I'm going to preface this with complete apologies to the composer and his enthusiasts. I meant absolutely NO disrespect (in fact, just the opposite) to anyone, especially the composer.

I have listened to a lot of music from Two Steps From Hell, and I just don't hear enough musically interesting things going on. The only phrase I'm coming up with is musical anemia. I guess one could explain it by labelling it minimalist, but in this case I don't really hear that...listen to one of the better Phillip Glass pieces and then listen to anything by Two Steps From Hell.

TSFH sounds Zimmer-influenced (who isn't, but this project in particular), without the extensive musical backround of Zimmer. The TSFH composer could use some counterpoint lessons, plus some extra refreshers in intermediate-to-advanced harmony.
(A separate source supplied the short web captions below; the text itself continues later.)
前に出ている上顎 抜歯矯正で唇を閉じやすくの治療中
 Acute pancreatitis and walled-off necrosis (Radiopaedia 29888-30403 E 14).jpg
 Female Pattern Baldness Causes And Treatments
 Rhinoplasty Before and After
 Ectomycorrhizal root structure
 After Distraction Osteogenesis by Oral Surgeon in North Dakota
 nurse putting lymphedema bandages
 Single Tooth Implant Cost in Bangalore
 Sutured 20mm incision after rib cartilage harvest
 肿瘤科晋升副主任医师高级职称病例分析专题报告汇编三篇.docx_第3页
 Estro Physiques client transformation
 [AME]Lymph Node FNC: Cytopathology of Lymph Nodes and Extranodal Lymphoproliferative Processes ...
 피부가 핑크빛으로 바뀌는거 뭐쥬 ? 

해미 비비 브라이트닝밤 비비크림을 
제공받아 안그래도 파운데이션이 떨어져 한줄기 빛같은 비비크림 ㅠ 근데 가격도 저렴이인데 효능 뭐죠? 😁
There are really good things ABOUT the music (at times it can be quite imaginative, and there are instruments the composer knows admirably well). Plus, I think the composer does his own sample libraries, or something to that extent, and that's EXTREMELY interesting to me.

I just don't hear anything that sticks with me, or interests me as far as musical content. I feel bad writing this, but I have to be honest.

I await the hate, and pray it won't be too vehement, given this is such a fine, adult forum as a rule. Please keep in mind my apologetic preface.

*Also know that I most definitely DON'T think I can do any better...far from it.*


----------